The "Macedonian Orthodox Cathedral of the Dormition of the Virgin Mary" (Macedonian: Македонска Православна Kатедрала Успение на Пресвета Богородица), also known as "St. Mary" (Macedonian: Пресвета Богородица), is a Macedonian Orthodox Church located in Reynoldsburg, Ohio (Columbus area). It is one of the oldest Macedonian Orthodox communities in the United States and in the American-Canadian Diocese.

History
In 1958, the Macedonian Orthodox Church was granted her autonomy, and during the same year members of the Macedonian community of Columbus submitted an application to the State of Ohio to establish a new church under the jurisdiction of the autonomous Macedonian Orthodox Church. Early church trustees were Theodore Pashovich, Petar Christoff, and Velo Bozhin, with Andon Stoicheff as the first president of the Church Committee. The parish was organized on September 17, 1958 as the oldest parish of the Macedonian Orthodox Church in America. On December 25 the same year first Holy Liturgy in Macedonian conducted by Macedonian priest Fr. Stevan Beličeski was held in the Church Hall of the Society on 794 S Front Street, Columbus. In 1960, a property was purchased and the church building was finally completed in 1965. Few years later, on the corners of S. Napoleon Ave and Medway in Whitehall, OH the new cornerstone of the history of Macedonian Church and Community in Central Ohio was laid. Building of the Macedonian Orthodox Church “Dormition of the Most Holy Birth giver of God” started on August 30, 1964 with ever inspiring Faith and Hope and Love and Patience of hard working American-Macedonians. Next year 1965, on May 9, Church was dedicated and consecrated by the first Archbishop of the restored ancient Archbishopric of Ohrid in the name of the Macedonian Orthodox Church, His Beatitude Dositej.

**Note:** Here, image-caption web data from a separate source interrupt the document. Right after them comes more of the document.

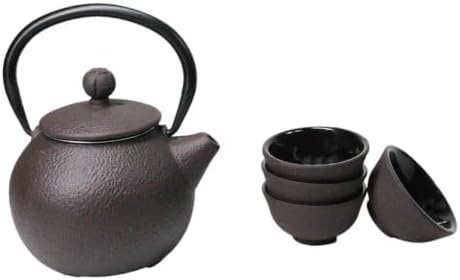 Ebros Gift Traditional Oriental Tetsubin Small Cast Iron 10oz Teapot With Strainer And 4 Mini Tea Cups 1oz Asian Fusion Housewarming Tea Service Drinkware Accent (Textured Dark Brown) - Image 4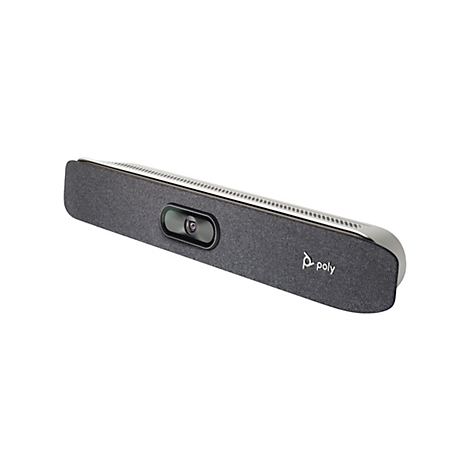 Graue Videokonferenz-Soundbar, mit Kamera und Logo, vor weißem Hintergrund.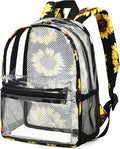 BTOOP Clear Mini Backpack for Stadium Events 12x12x6 Small Transparent Backpacks Plastic See Through Clear Bag for Concerts Work Festival Security Travel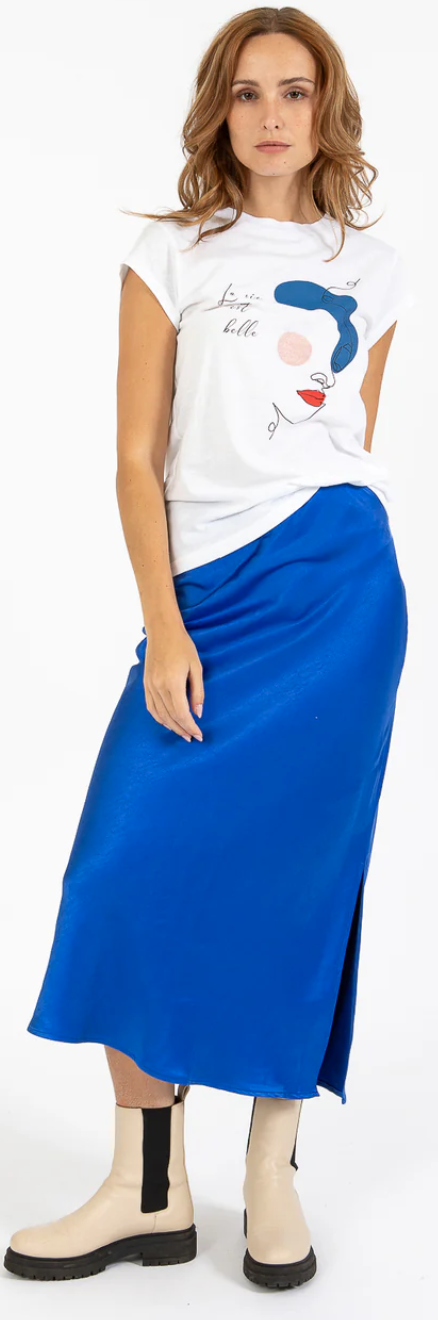 SKYLER MIDI SKIRT - BRIGHT BLUE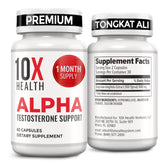 10X Health Alpha bottle front shows premium packaging for convenient daily supplementation.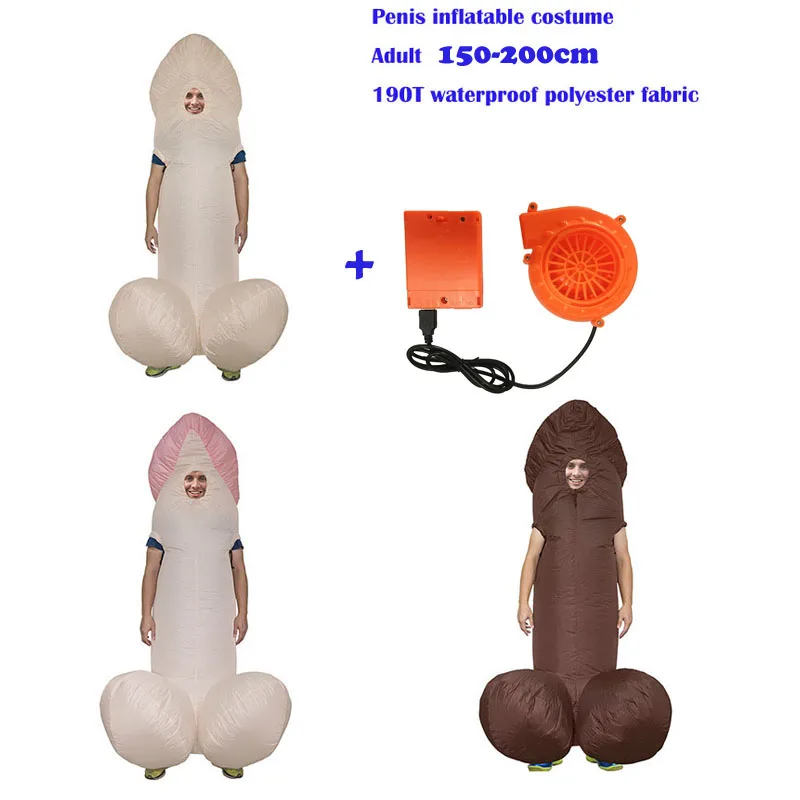 Inflatable Penis Sexy Costumes for Adult, Funny Male Dick Jumpsuit, Bar Nightclub Props Clothes, Bachelor Party Carnival Toys
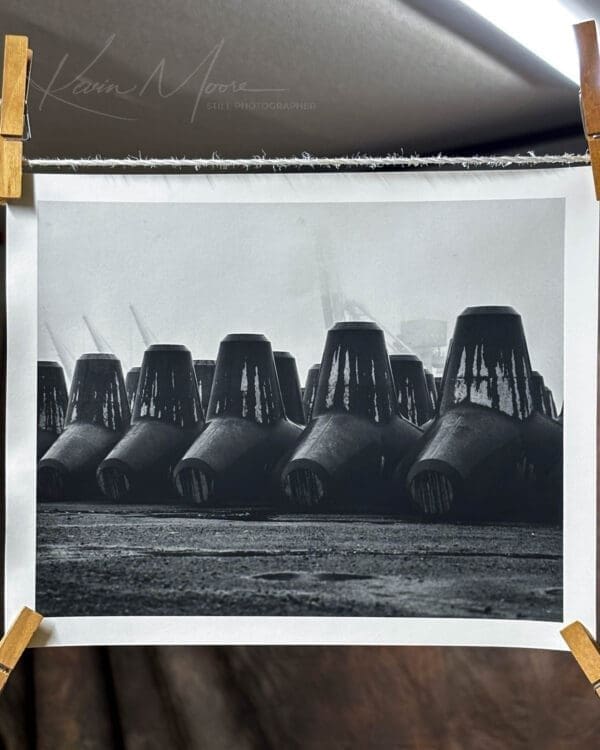 Fine art black and white print titled Idle Line hanging to dry in the darkroom after silver gelatin printing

The following 50 years paved the way to what the parish become today. Through numerous engagements in the Community, Macedonians in Central Ohio have integrated themselves in the American society. Numerous veterans from foreign wars, successful businessmen, sportsmen, and above all-hard working man and women from Macedonian-American Community are good example of that. 
In organizing and successfully conducting sports events, folk dances, Macedonian Language School, Sunday School, Church Choir etc., the impact of the Macedonian-American Community continues to grow.

Having broader family at some point of time requires broadening ones existing home or building another one. The family of the Macedonian Community in Columbus constantly grew in numbers and achievements. After several extensions of the Church and the Church hall in Whitehall in the seventies and eighties were completed, the need for more space rose again. Finally, decision to build the new Church and whole new Macedonian Culture Center was made. Beginning of the new century, the new Millennium marked the start of the new Church on 400 South Waggoner Rd in Reynoldsburg, OH. In 2003, the parish community purchased a new  property just east of Columbus in Reynoldsburg. A new church was built along with banquet hall facilities.

In the fall of 2006 Macedonian Community was struck by unexpected temptation-in an act of arson the old Church in Whitehall burnt almost to the ground. Following Holy Liturgies were held in the Church hall, with congregation holding their tears, in constant prayer to God our Lord and His Most Holy Mother, and in search for the right way to turn events in our favor. And so, as many times before in our history, Macedonians have sung their old song, song of persistence, song of salvation, song of Faith. 
The very next month after the fire, on October 22, 2006, the dedication and consecration Liturgy for our new Church was celebrated, preceded by the relocation of the holy relicts of Saint Clement of Ohrid, from the Holy Altar of the old to the Holy Altar of the new Church and with participation of Archbishop of Ohrid and Macedonia, His Beatitude Stefan, Metropolitan Metodij of American-Canadian Diocese, and Metropolitan Kiril of Polog and Kumanovo Diocese (of blessed memory), numerous priests of the American-Canadian Diocese of Macedonian Orthodox Church, in presence of multitude of the faithful.

Church name

The parish was consecrated as "Makedonska Pravoslavna Crkva Uspenie na Presveta Bogorodica" (Macedonian Cyrillic: Македонска Православна Црква „Успение на Пресвета Богородица“), in honor of the Great Feast of the Dormition of the Mother of God in the Eastern Orthodox Church. The feast commemorates the "falling asleep" or death of Mary, the Mother of Jesus (literally translated as God-bearer, or Birth-giver), and her bodily resurrection before being taken up into heaven. Roman Catholic churches also celebrate the Great Feast of the Assumption, which commemorates the same event from a Roman Catholic perspective.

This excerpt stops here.